Last year, Fordham University hosted a symposium on O’Connor and race, supported with a grant from the author’s estate. The organizer, Angela Alaimo O’Donnell, edits a series of books on Catholic writers funded by the estate, has compiled a book of devotions drawn from O’Connor’s work, and has written a book of poems that “channel the voice” of the author. In a new volume in the series, “Radical Ambivalence: Race in Flannery O’Connor” (Fordham), she takes up Flannery and That Issue. Proposing that O’Connor’s work is “race-haunted,” she applies techniques from whiteness studies and critical race theory, as well as Toni Morrison’s idea of “Africanist ‘othering.’ ” O’Donnell presents a previously unpublished passage on race and engages with scholars who have offered context for the racist remarks. Although she is palpably anguished about O’Connor’s race problem, she winds up reprising those earlier arguments in current literary-critical argot, treating O’Connor as “transgressive in her writing about race” but prone to lapses and excesses that stemmed from social forces beyond her control.

The context arguments go like this. O’Connor was a writer of her place and time, and her limitations were those of “the culture that had produced her.” Forced by illness to return to Georgia, she was made captive to a “Southern code of manners” that maintained whites’ superiority over blacks, but her fiction subjects the code to scrutiny. Although she used racial epithets carelessly in her correspondence, she dealt with race courageously in the fiction, depicting white characters pitilessly and creating upstanding black characters who “retain an inviolable privacy.” And she was admirably leery of cultural appropriation. “I don’t feel capable of entering the mind of a Negro,” she told an interviewer—a reluctance that Alice Walker lauded in a 1975 essay.

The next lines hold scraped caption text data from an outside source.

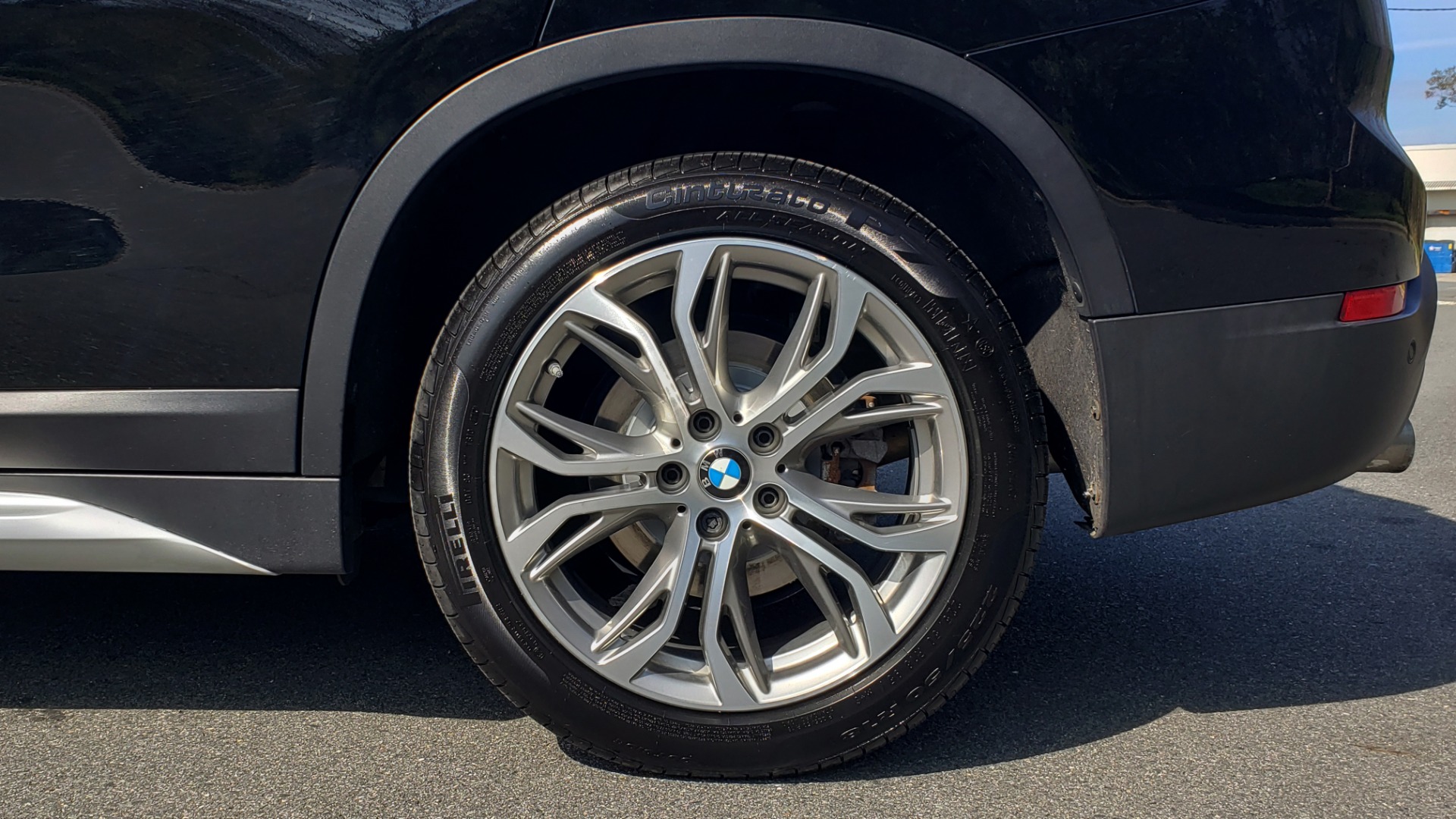 Used 2017 BMW X1 XDRIVE28I / COLD WTHR / DRIVER ASST / REARVIEW / PARK ASST for sale Sold at Formula Imports in Charlotte NC 28227 11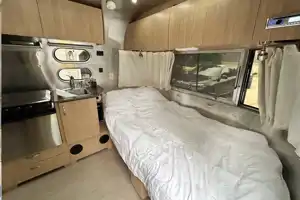 Magnolia 1 Airstream 19ft Flying Cloud **FULLY LOADED**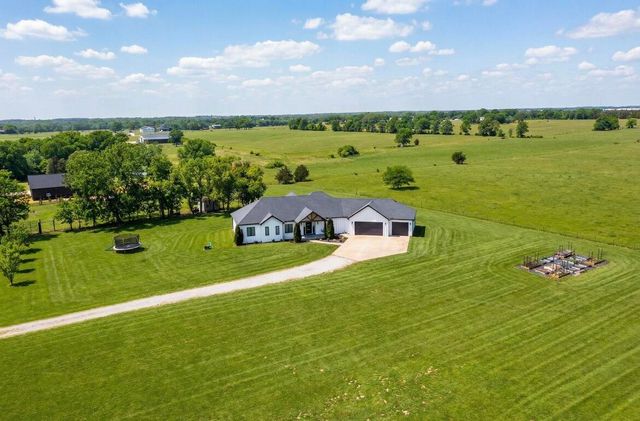 7990 E Farm Road 116, Strafford, MO 65757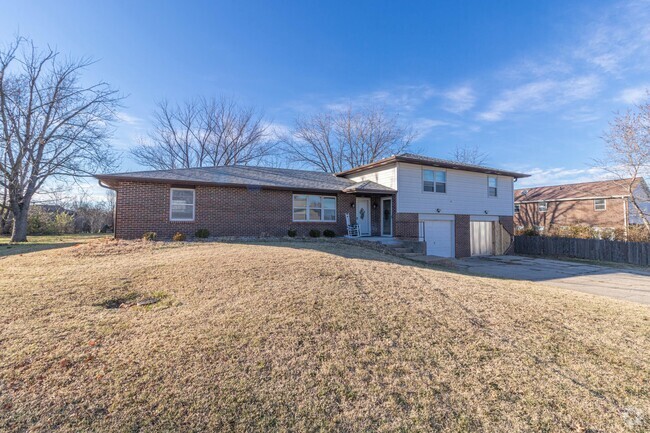 Building Photo - 515 Pear Tree Cir Rental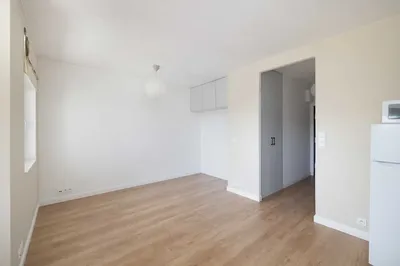 Nowoczesna kawalerka na Gocławiu | monitorowany blok | balkon | parking za szlabanem + garaż - miniatura 3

All the contextualizing produces a seesaw effect, as it variously cordons off the author from history, deems her a product of racist history, and proposes that she was as oppressed by that history as anybody else was. It backdates O’Connor as a writer of her time when she was a near-contemporary of writers typically seen as writers of our time: Gabriel García Márquez (born 1927), Maya Angelou (1928), Ursula K. Le Guin (1929), Tom Wolfe (1930), and Derek Walcott (1930), among others. It suggests that white racism in Georgia was all-encompassing and brooked no dissent, even though (as O’Donnell points out) Georgia was then changing more dramatically than at any point before or since. Patronizingly, it proposes that O’Connor, a genius who prized detachment, lacked the free will to think for herself.